In doing so, he has captured the imagination of the former Corbynite left, some of whom have ditched their former Labour allegiances and become paid-up members of the Greens. The commentator and former NS columnist Grace Blakeley announced her defection to the party in order to vote for Polanski in June. This, insiders in his campaign believe, is reflective of wider increases in membership of the party: people have signed up to Green Party membership in order to vote for Polanski. (This mirrors those who took advantage of Labour’s £3 membership deal to vote for Corbyn’s leadership in 2015). “I’m delighted,” Polanski told me, “there’s been a lot of focus on all the new members that have joined to vote for me.” He added: “I’m feeling confident, but not complacent.
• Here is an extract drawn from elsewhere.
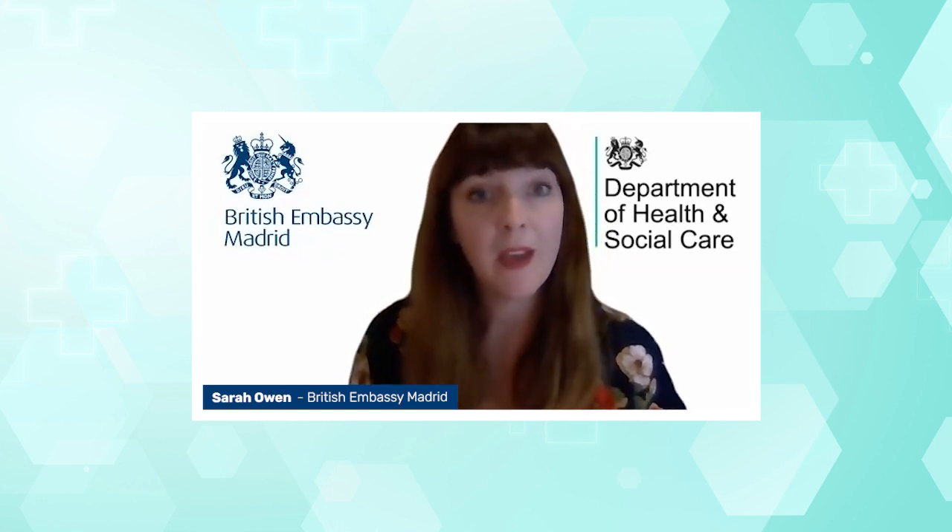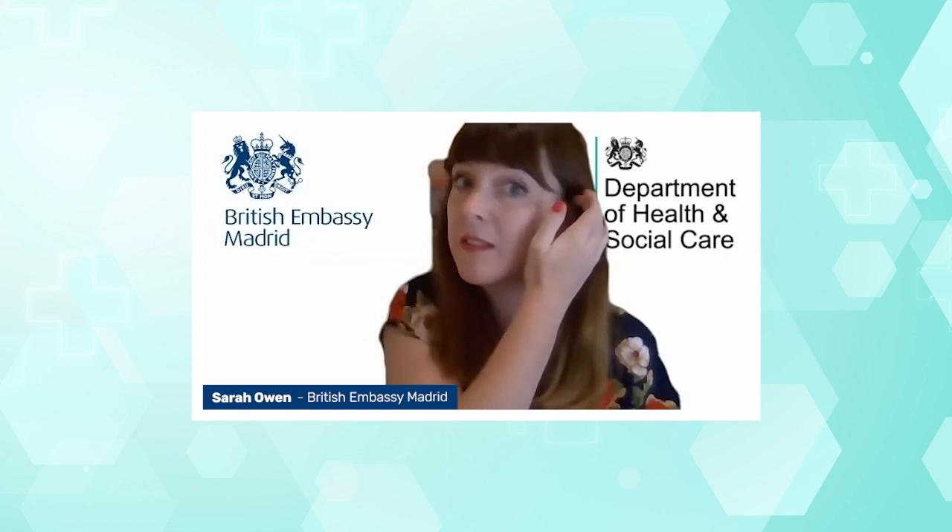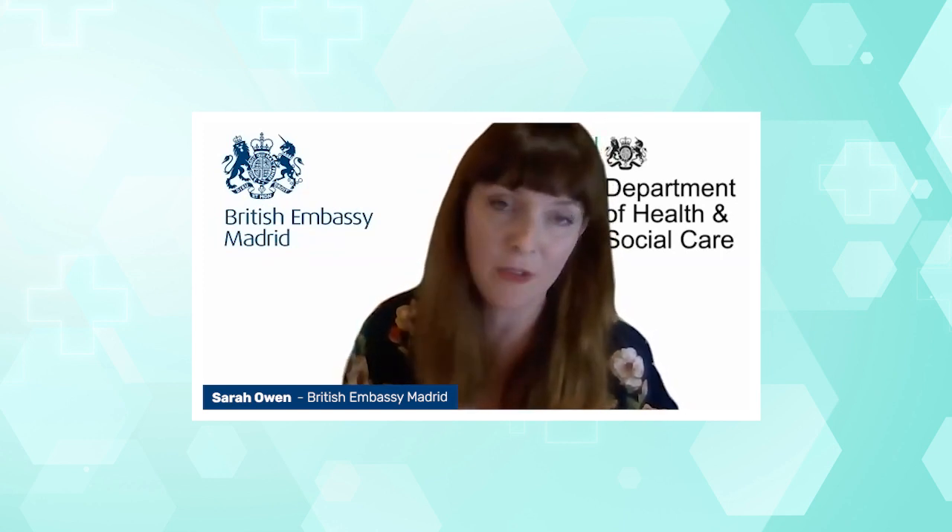You would be entitled to apply for an S1 form. That is a scheme which continues despite the fact that we've left the European Union — it's part of the agreement that we made with the EU. So in the same way that EHIC or GHIC continues to be in place, so does the S1 scheme for those UK pensioners who plan to live abroad in Europe.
I will be campaigning until the very last day of voting for every single vote.” (When asked, the Green Party said they would not share membership data during the election campaign.)
Though it was clearly obvious Polanski was on manoeuvres, he did not inform Ramsay of his decision to run. Nor was Chowns aware of her now-opponent’s intentions. The pair stepped forward as candidates shortly after Polanski’s announcement, with Chowns stepping in to run as a co-leader, replacing Carla Denyer, the MP for Bristol Central who has been leading the party alongside Ramsay since 2021. Their campaign has focused on their ability to win first-past-the-post elections, and the pair have made clear the damage they think having a leader sitting outside of parliament would do to the progress the Green party has made. “People really want a professional party that can win elections,” Chowns told me when we spoke over the phone shortly before voting opened. “That’s what Adrian and I are standing for. Members can vote for a leadership who knows how to win elections.”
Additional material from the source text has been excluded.